Build an Image Search System in 5 Minutes#
Vectors and Vector Databases#
In mathematics, a vector is an object that can represent multiple dimensions or characteristics. In our daily life, it can also be used to describe multiple attributes of an object.
For example, to describe an apple, we need to focus on its features (like variety), origin, color, size, and sweetness. We can treat these attributes as multiple dimensions of the apple and then represent the apple with a vector.
For instance, if we define each element of the vector to represent:
- Feature (e.g., 1 for Fuji apple, 2 for Granny Smith)
- Origin (e.g., 1 for Luochuan, 2 for Yantai)
- Color (e.g., 1 for red, 2 for green)
- Size (based on actual weight, e.g., 150 means the apple weighs 150 grams, 200 means 200 grams)
- Sweetness (e.g., 1 for very sweet, 0.5 for average, 0 for not sweet)
Then a Fuji apple from Yantai, red in color, weighing 150 grams, and with sweetness 0.8, can be represented by the vector [1, 2, 1, 150, 0.8]
. This vector comprehensively describes all the attributes of the apple.
This is the concept of vectors.
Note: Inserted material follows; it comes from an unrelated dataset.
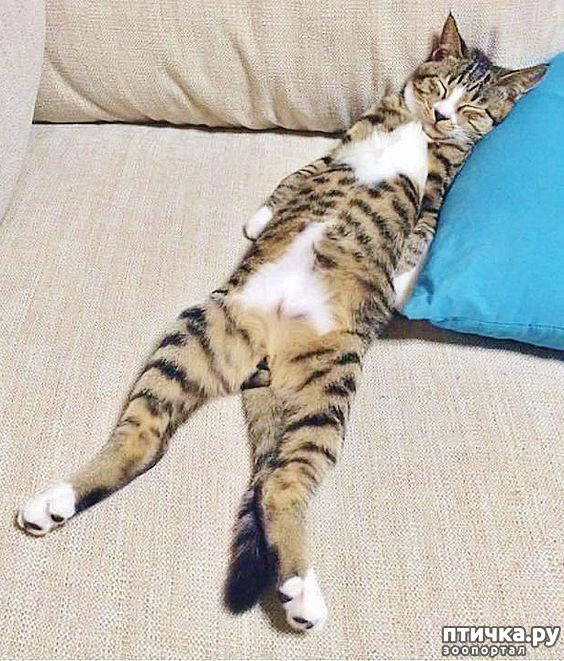 ���� 4: � ����������!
In artificial intelligence and machine learning, we can vectorize and store complex data types such as audio, images, and text. Traditional databases are primarily designed for handling structured data, but they are inefficient when processing complex data types.
In contrast, vector databases support multiple types of indexes and similarity computation methods, efficiently storing and querying large-scale vector data.
Applications of Vector Databases#
Imagine one day you eat a delicious dish at a restaurant but don’t know its name or how to make it. You could take a photo of the dish and use an image search feature to find similar dishes and their recipes online.
Consider an online recipe platform that stores numerous dish images and corresponding recipes. Each dish image has its features extracted and stored as an embedding vector in a vector database.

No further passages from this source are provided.